“Mr. Carducci submits there was a “fundamental mistake”, a “mutual mistake”, a lack of “ad idem”, “hence there is no contract”. Here, Mr. Carducci seeks to rely on equity to advance its position to set aside the Life Insurance provision in the Minutes of Settlement and grant Mr. Carducci ½ of the Life Insurance proceeds. As stated above, the court should be extremely reluctant to set aside one paragraph of the Minutes of Settlement. Particularly, where many of the other terms have already been complied with.

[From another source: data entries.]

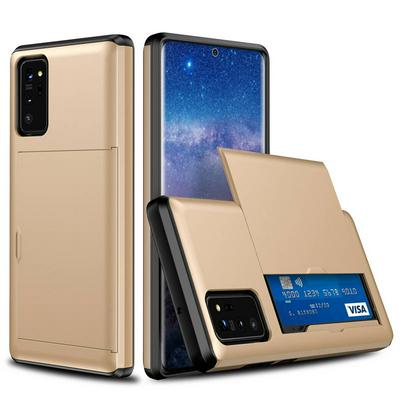 Armor 2 in 1 Shockproof Anti-Scratch with Slide Card Slot Hard PC + Soft TPU Back Cover Protective Case for Samsung Galaxy Note20 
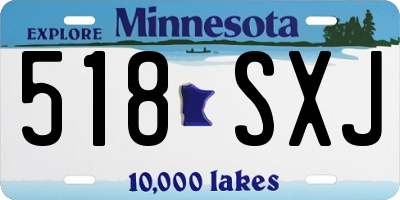 MN license plate 518SXJ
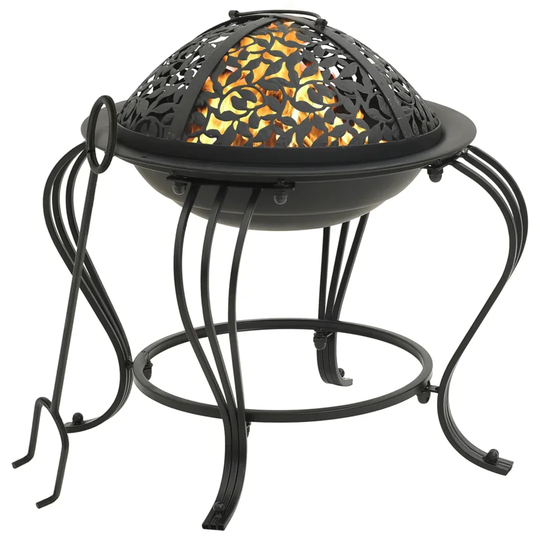 Susie 44Cm H x 49Cm W Stainless Steel Wood Burning Outdoor Fire Pit with Lid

On the issue of unilateral mistake, the Court of Appeal in Deschenes stated:
[32] As noted by Côté J.A. in Radhakrishnan, a settlement agreement may also be rescinded on the basis of unilateral mistake. I will explain why I reject the appellants’ submission that the motion judge, after finding a “unilateral mistake by the Diocese”, erred in this case in rescinding the settlement agreement on this basis. The law on rescission for unilateral mistake is that a party may seek rescission of a contract for its own unilateral mistake only where the mistake goes to a material term of the contract, where the other party knows or ought to know of the mistake, and where it would be unconscionable for the second contracting party to rely on the contract: 256593 B.C. Ltd. v. 456795 B.C. Ltd. (1999), 1999 BCCA 137 (CanLII), 171 D.L.R. (4th) 470 (B.C.C.A.), at p. 479. See also Gerald H. Fridman, The Law of Contract in Canada, 6th ed. (Toronto: Thomson Reuters Canada Limited, 2011), at pp. 252-54; Toronto Transit Commission v. Gottardo Construction Limited et al. (2005), 2005 CanLII 31293 (ON CA), 257 D.L.R. (4th) 539 (Ont. C.A.), at para. 30, leave to appeal refused, [2005] S.C.C.A. No. 491….

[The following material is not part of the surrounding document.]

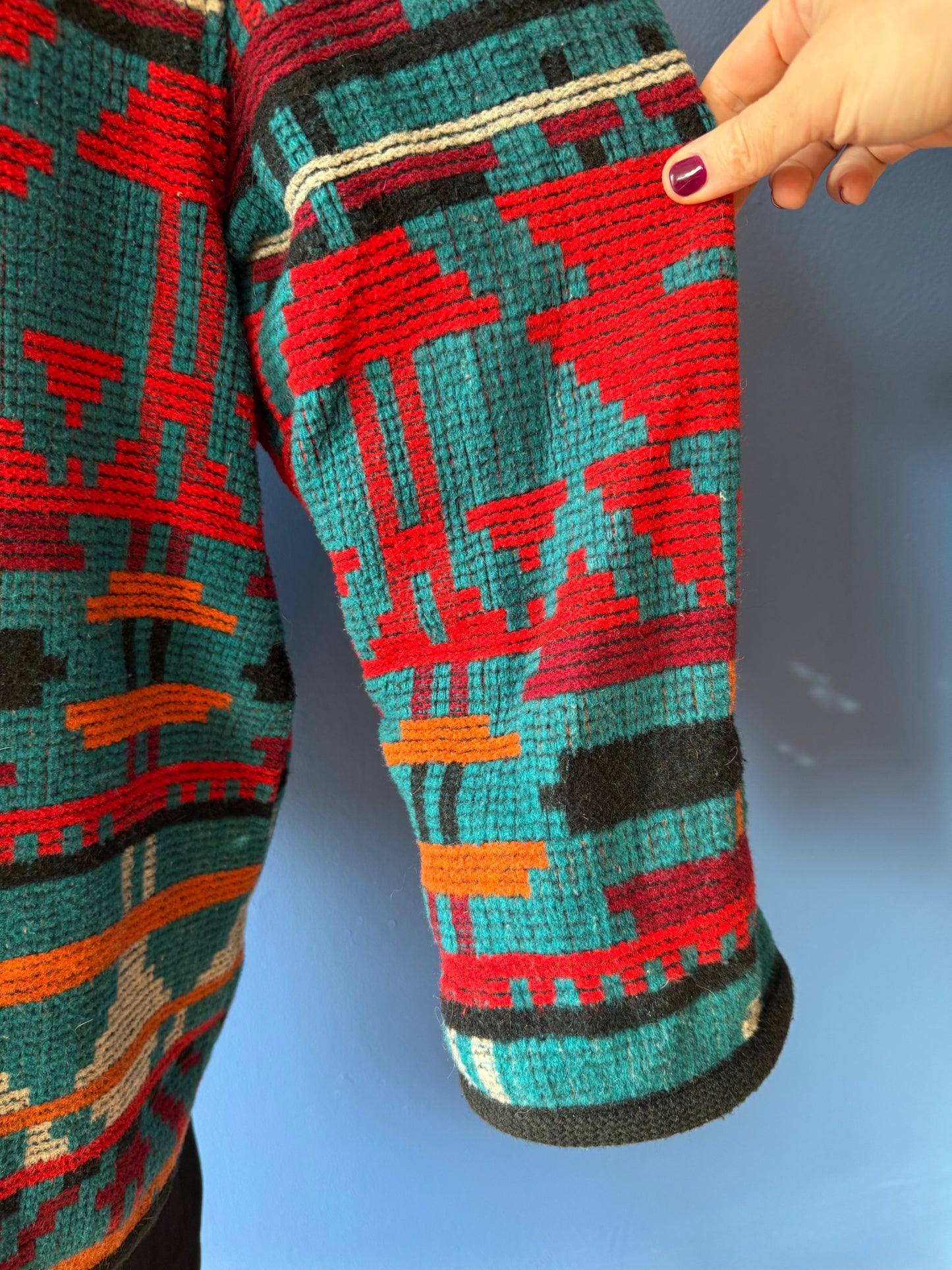 1980's Southwestern Shawl Collar Coat | Lady Suzette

First, I am not persuaded that Mr. Carducci has established a “mistake” in law. In my view, this is a situation where a party now realizes they made a bad deal (at least on one term) and now wants the court to intervene. In any event, this was a unilateral mistake. I reject Mr. Carducci’s submission that he “did not have all of the details and amounts of the Life Insurance available”. Mr. Carducci was also a policy holder and could easily have ascertained the cash surrender value and the state of the unpaid premiums. I reject Mr. Carducci’s submission that if all the details and the amounts of the Life Insurance policy were known at the time of the negotiations of the Minutes of Settlement, that it “would have resulted in a different agreement”. That is hindsight and not a legal basis to overturn a term of an agreement.
Second, for there to be a mutual mistake after the execution of an agreement, there must be evidence that establishes objectively, a mistake was made by both parties. Then, the court has the jurisdiction to set aside the agreement. While, the term “mutual mistake” is loosely used by Mr. Carducci’s counsel, there is no evidence that Mrs. Carducci was subject to the same alleged mistake.”